When we designed the Online ID Calculator, we built an algorithm that measures these two important factors of online reputation. Nearly 60,000 people have used the calculator to measure their volume and relevance of results and see where they show up in a four-box model.

Recently, however, thanks to changes in how Google displays results, the huge rush of people to get their brands online and the way we search for people on the Web, we identified two additional factors that searchers use to evaluate the people they Google. Those factors are purity and diversity.

Purity: Now that almost everyone has jumped on the Web, there is a lot of noise. There was a time when you Googled me — “William Arruda” — and the only results were about me. I am fortunate to have a fairly unique name. (Thanks, Dad!) But now, a Google search reveals that there is a bodybuilder, a cop and a teacher who share my unique name. You have likely seen the same when you Google yourself. This creates confusion for those who want to learn about you — making it hard for them to discern what content they should associate with you.

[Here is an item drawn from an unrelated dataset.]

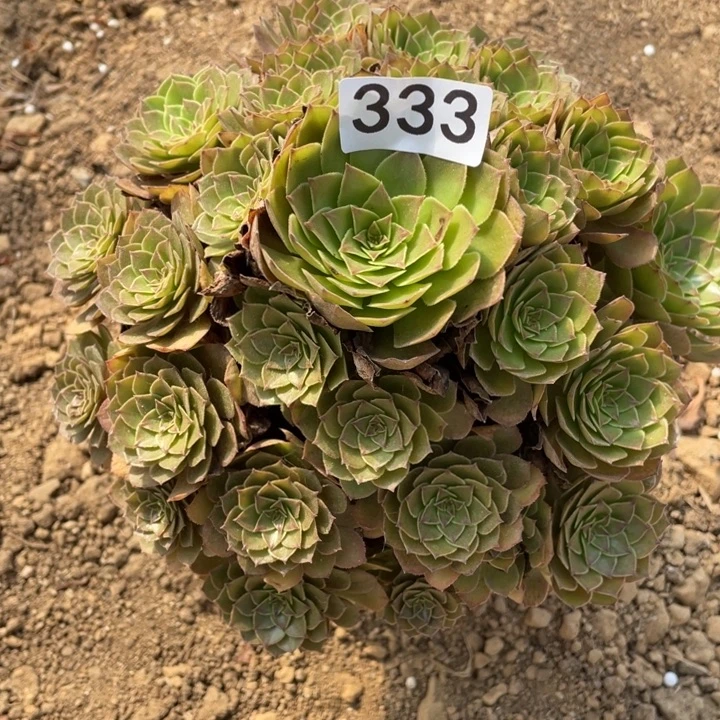 无花朵333多肉植物红魔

Diversity: The diversity measure acknowledges the evolution from text-only searches to blended search. You have likely noticed when you perform a Google search that the results include the standard written content (links to blogs and Web sites and articles, for instance) along with images, video and real-time content. No longer is it enough to comment on a few blog posts, build your LinkedIn profile and publish an article to a relevant Web portal. Today, you need to ensure that that your Web content is diverse — that it includes multimedia items and your recent Twitter posts.

The next time you Google yourself, look holistically at these four measures — volume, relevance, purity and diversity — and ask yourself, “What perceptions would searchers form from reading my Google results?”

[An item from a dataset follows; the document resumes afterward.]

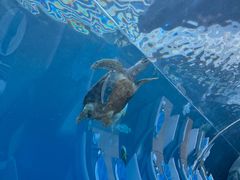 -涛·海底餐厅·美人鱼·自助餐·海底隧道(三亚海棠湾洲际度假酒店)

Once you are clear about your personal brand, here are three steps to enhance your online reputation:

Step 1. Understand your digital brand. You can use tools like Google, Truveo and Addictomatic, and online ID Calculator, to understand how you measure up in the four dimensions of online branding.

Step 2. Determine which of the four measures — volume, relevance, diversity or purity — needs the greatest attention (you may have a couple that could use some work).

Step 3. Depending on which areas need the most attention, apply the tips below:

  • Volume enhancers: If you need more results that are about you, set up social networking profiles on many sites by editing your current branded bio and establishing accounts at naymz, ziki, ziggs and other sites.
  • Relevance enhancers: To enhance relevance, where possible, remove content that is unflattering or inconsistent with how you want to be known, write an article about your area of expertise and post it to an appropriate online portal. Find blogs related to your area of thought-leadership, subscribe and comment when you have something valuable to contribute. Review books related to your area of expertise at amazon.com and barnesandnoble.com. Publish relevant white papers to SCRIBD.com. To learn how to turn one real-world communications activity into a year’s worth of online content, check out this video: http://bit.ly/realvirtual.
  • Purity enhancers: Sign up for an account at Vizibility. The service allows you to identify the Google results that are about you and create a “Search Me” button that you can include in your e-mail signature, your LinkedIn profile, on your blog, etc.
  • Diversity enhancers: Sign up for a Flickr account and post relevant images. If you don’t already have one, set up your Google profile.

Soon, you should be on your way to the volume, relevance, purity and diversity that will improve your ability to get a job.